▶ Assignment: The data is to be repeated exactly, with the images removed.

▶ Collected material:
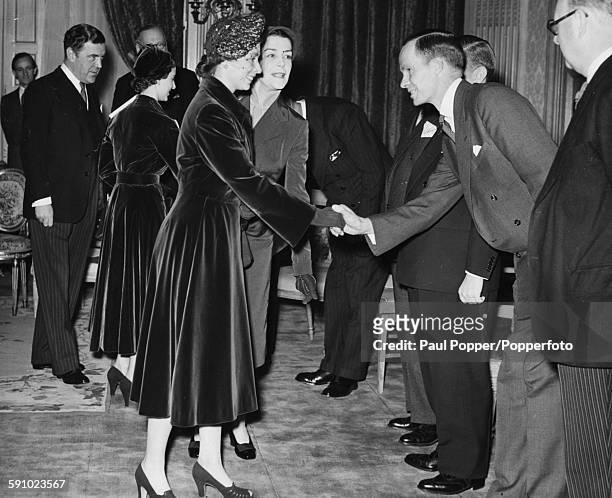 Queen Elizabeth II , Princess Margaret and Royal fashion designer Norman Hartnell are greeted on their arrival at a fashion show by the Incorporated...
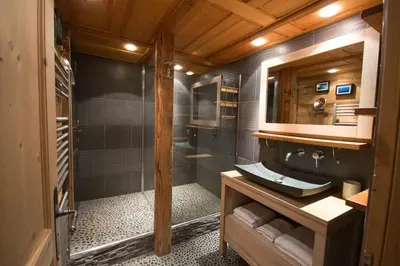 a bathroom with a shower with a sink and a mirror at Les Posettes, chalet vallée de Chamonix - Mont Blanc by ImmoConciergerie in Vallorcine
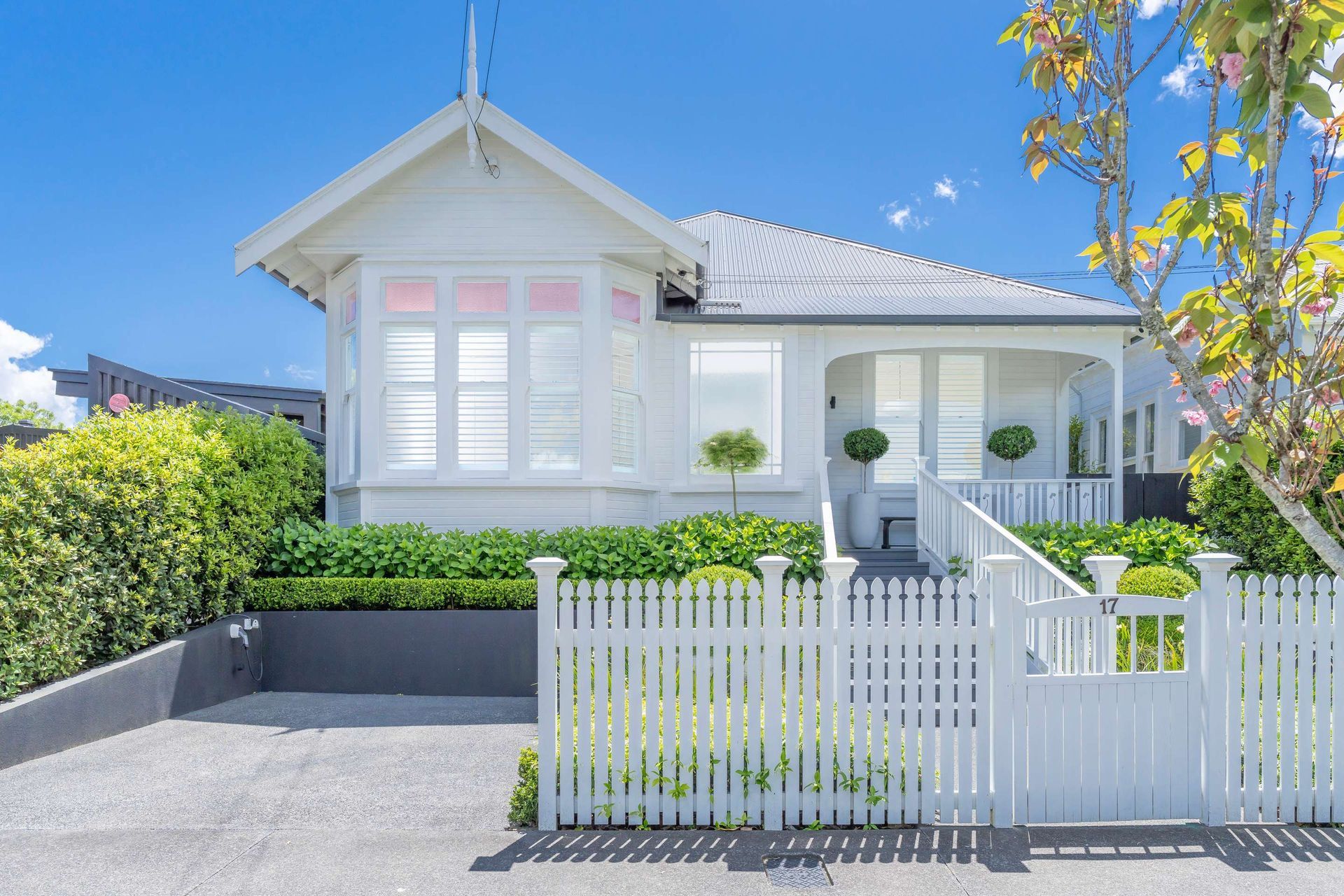 A white house with a white picket fence in front of it.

▶ Solution to this task:
 Queen Elizabeth II , Princess Margaret and Royal fashion designer Norman Hartnell are greeted on their arrival at a fashion show by the Incorporated...
 a bathroom with a shower with a sink and a mirror at Les Posettes, chalet vallée de Chamonix - Mont Blanc by ImmoConciergerie in Vallorcine
 A white house with a white picket fence in front of it.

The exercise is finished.